Chinese Stocks Wrap Up Best Quarter Since 2014 With a Huge Rally
This article from Bloomberg News may be of interest to subscribers. Here is a section:
Friday’s surge in Chinese stocks rounds up a winning quarter for the country’s investors. China’s equities have outrun every other national market in the world in the three-month period. The CSI 300 Index’s 29 percent rally is its best since the end of 2014, when the nation’s equity bubble was forming. Apart from a Taiwanese chipmaker, a Brazilian steel producer and Latin America’s largest utility, all the top 30 performers on MSCI Inc.’s emerging-market benchmark are Chinese companies.
Managing a momentum-driven investor base, where turnover is in the hands of almost 150 million retail traders, has always been a challenge for the government. China’s experienced two massive bubbles in the past decade, with a tight-grip approach to tame the rally backfiring in 2015, drawing the ire of foreign investors. Analysts predict Beijing will be more successful this time in engineering a slow bull market.

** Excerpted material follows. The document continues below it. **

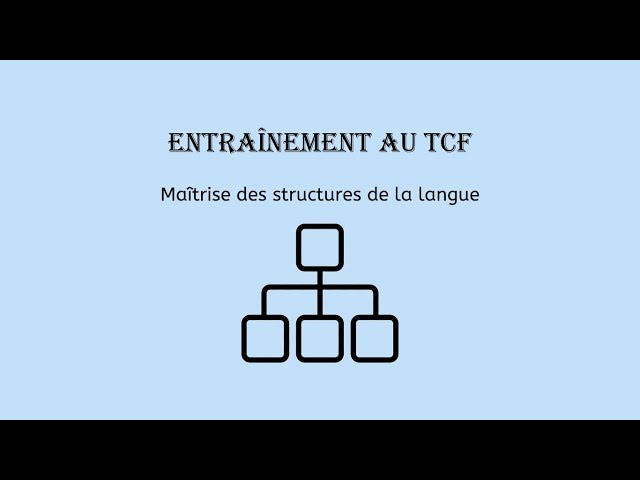 【Entraînement au TCF】Maîtrise des structures de la langue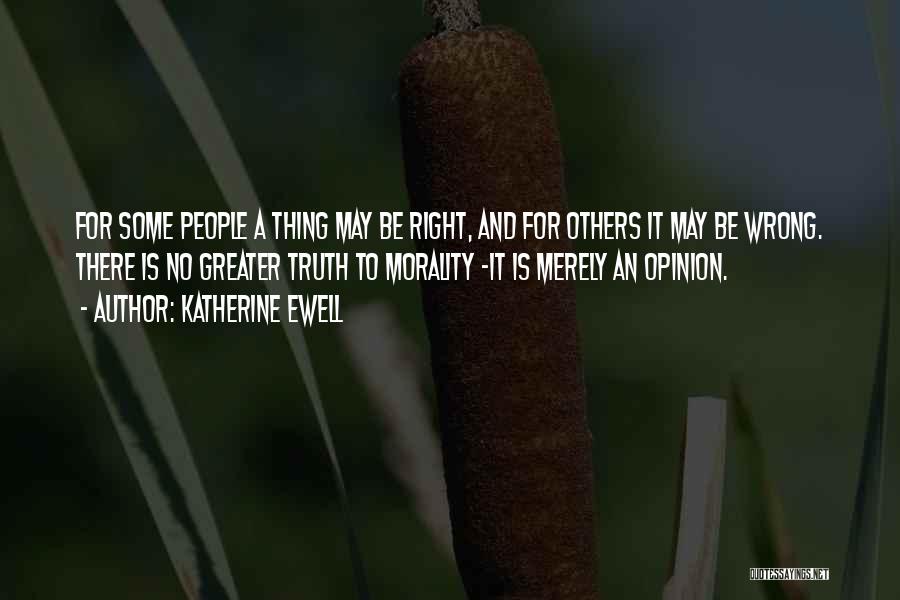 Katherine Ewell Quotes 1846266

“It’s a critical time for the market,” said Liao Zongkui, an analyst at Lianxun Securities Co. “Investors are keeping a close eye on earnings from heavyweight companies. A good results season will be a big confidence boost, and will ensure the stock-market rally can continue.”
Veteran subscribers will be accustomed to our long-time contention that monetary policy beats most other factors most of the time. That’s particularly true on Wall Street and is an even more important factor in the age of extraordinary monetary policy. In China, the state dictates the fate of the market so it is clear that bull markets are state sponsored.

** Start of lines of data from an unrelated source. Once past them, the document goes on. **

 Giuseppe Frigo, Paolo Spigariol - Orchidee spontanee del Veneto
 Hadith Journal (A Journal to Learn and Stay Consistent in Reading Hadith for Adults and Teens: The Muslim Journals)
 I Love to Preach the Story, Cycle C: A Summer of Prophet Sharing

The campaign to excise the shadow banking sector from the market is complete which removes a significant headwind for the market. The Party Congress, which concluded two weeks ago, clearly signaled the need for the banking sector to pick up its lending to private enterprise and that is a greenlight for speculative interest.
An additional factor that is positive for China is the potential positive conclusion of the trade talks. Trade has weighed most heavily on China’s markets and a removal of that headwind would be a clear positive.
The CSI 300 Index has been consolidating from the last couple of weeks and today’s upward dynamic suggests the range will be resolved on the upside to reassert medium-term demand dominance.
The H-Share Index in Hong Kong has been lagging but has catch-up potential.